### Task instructions
Repeat verbatim, and only, the lines of the data below, beginning at the line that contains "dış hemoroid" and stopping after the line that contains "Application of siRNA-golph3".

### Input data

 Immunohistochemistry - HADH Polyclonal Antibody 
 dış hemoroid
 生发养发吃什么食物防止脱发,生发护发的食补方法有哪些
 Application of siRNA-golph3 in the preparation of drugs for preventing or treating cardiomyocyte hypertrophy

---

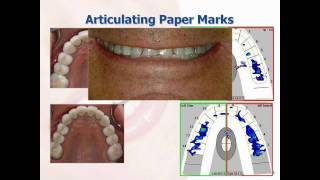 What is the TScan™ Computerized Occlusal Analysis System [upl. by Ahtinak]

--

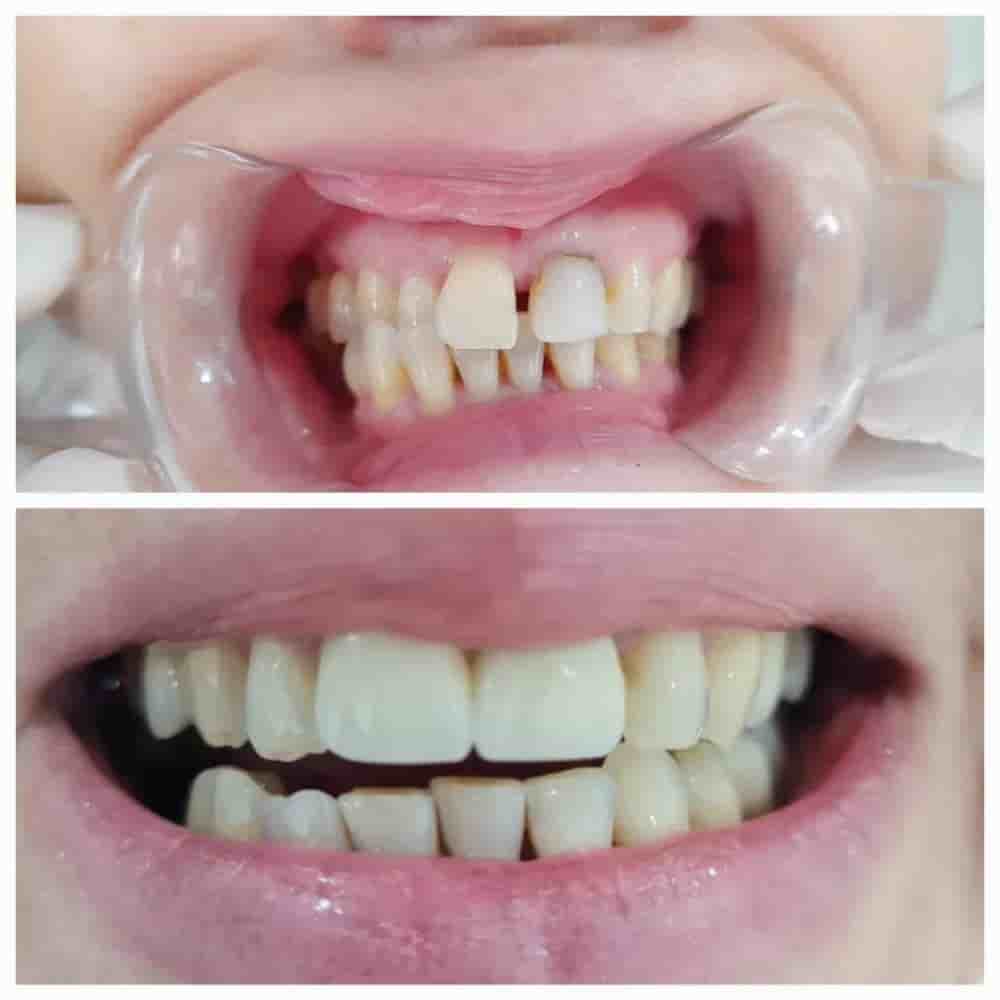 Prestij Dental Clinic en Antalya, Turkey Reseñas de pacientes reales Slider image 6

### Response to the task
 dış hemoroid
 生发养发吃什么食物防止脱发,生发护发的食补方法有哪些
 Application of siRNA-golph3 in the preparation of drugs for preventing or treating cardiomyocyte hypertrophy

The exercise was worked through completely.